Dans ce passage comme dans une bonne partie de
ses œuvres, Lewis Carroll explore et utilise le rapport privilégié de l’enfance
avec la perception. Il suffit à chacune et à chacun d’entre nous de se
replonger dans les pensées et dans les attitudes de cet âge pour se rappeler du
décalage profond qui sépare l’enfant de l’adulte dans l’appréhension d’un
intérieur et des meubles qui y séjournent. Comment ne pas être saisi, en effet
par l’ouverture de cet autre espace, reflété par le miroir, doublant celui de
la pièce réelle ? L’adulte se regarde, corrige sa coiffure et à l’enfant
qui le questionnerait expliquerait le phénomène de réflexion par la vitre et le
tain dont l’opacité, au travers de la transparence de la vitre, renvoie
simplement (on dirait presque « logiquement ») l’image du « vis-à-vis ».
Autrement dit, le miroir a cette utilité de
nous donner idée de ce à quoi nous ressemblons aux yeux des autres.
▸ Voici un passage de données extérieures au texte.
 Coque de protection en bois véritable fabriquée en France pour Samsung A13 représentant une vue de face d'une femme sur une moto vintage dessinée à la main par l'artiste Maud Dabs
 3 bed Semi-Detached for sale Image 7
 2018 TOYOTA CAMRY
Mais ce
n’est pas parce que nous pouvons expliquer le phénomène de la réflexion que
nous pouvons le « comprendre ». Nous connaissons le comment mais pas
le « pourquoi ». Quelque chose est bien visible dans le reflet du
miroir, quelque chose qui « semble » avoir un rapport avec ce qui se
situe devant lui mais qui en même temps ne saurait « être » cette
silhouette ou cet espace. Ce qui est incompréhensible c’est qu’un espace en
trois dimensions puisse ainsi être absorbé par une surface plane dans laquelle
nous retrouvons l’impression visuelle des trois dimensions.
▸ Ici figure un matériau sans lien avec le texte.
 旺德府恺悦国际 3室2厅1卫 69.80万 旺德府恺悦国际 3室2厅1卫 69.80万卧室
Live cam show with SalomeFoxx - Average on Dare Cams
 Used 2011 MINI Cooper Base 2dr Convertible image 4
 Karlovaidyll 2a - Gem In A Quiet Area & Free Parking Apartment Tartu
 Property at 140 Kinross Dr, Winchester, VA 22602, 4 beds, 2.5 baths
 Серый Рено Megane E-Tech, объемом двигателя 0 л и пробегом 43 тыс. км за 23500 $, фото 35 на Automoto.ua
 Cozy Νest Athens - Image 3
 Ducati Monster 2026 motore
Le miroir nous met physiquement en face « du mystère de la profondeur » et c’est exactement ce mystère que « nous les adultes » faisons semblant d’ignorer alors que l’enfant ne se ment pas à lui-même avec autant de désinvolture et de « lâcheté ». Si ces trois dimensions dans lesquelles nous nous éprouvons nous-mêmes comme « épaisseur », comme « profondeur de champ corporel » dans une profondeur de champ spatial, se « retrouvent » dans la surface sans profondeur du miroir, alors la question se pose de savoir dans quelle mesure cette troisième dimension ne se déploierait-elle identiquement de l’autre côté. Et cette énigme ne sera jamais appréhendée comme telle par l’utilisation narcissique du reflet, laquelle manifeste moins de l’égocentrisme qu’un manque consternant de curiosité. C’est le cadre dynamique faisant le nœud de sa cravate devant la glace qui « joue » du miroir mais pas du tout Alice qui pose à très juste raison la vraie question de l’autre univers auquel le miroir renvoie sans pour autant le révéler.
Le miroir nous met physiquement en face « du mystère de la profondeur » et c’est exactement ce mystère que « nous les adultes » faisons semblant d’ignorer alors que l’enfant ne se ment pas à lui-même avec autant de désinvolture et de « lâcheté ». Si ces trois dimensions dans lesquelles nous nous éprouvons nous-mêmes comme « épaisseur », comme « profondeur de champ corporel » dans une profondeur de champ spatial, se « retrouvent » dans la surface sans profondeur du miroir, alors la question se pose de savoir dans quelle mesure cette troisième dimension ne se déploierait-elle identiquement de l’autre côté. Et cette énigme ne sera jamais appréhendée comme telle par l’utilisation narcissique du reflet, laquelle manifeste moins de l’égocentrisme qu’un manque consternant de curiosité. C’est le cadre dynamique faisant le nœud de sa cravate devant la glace qui « joue » du miroir mais pas du tout Alice qui pose à très juste raison la vraie question de l’autre univers auquel le miroir renvoie sans pour autant le révéler.
Le visuel de notre existence s’imprime dans la
surface du miroir mais nous ne percevons pas ce qui nous empêcherait de la
concevoir comme une interface de
l’autre côté de laquelle un autre visuel s’exprimerait. Dans
« Saint-Ange », un film de Pascal Laugier sorti en 2004, l’héroïne
Anna perçoit des présences dans un orphelinat et le passage vers la face cachée
de cet institut dans laquelle vivent d’autres enfants se fera évidemment par le
miroir. D’Orphée aux enfers » de Jean Cocteau à « Matrix »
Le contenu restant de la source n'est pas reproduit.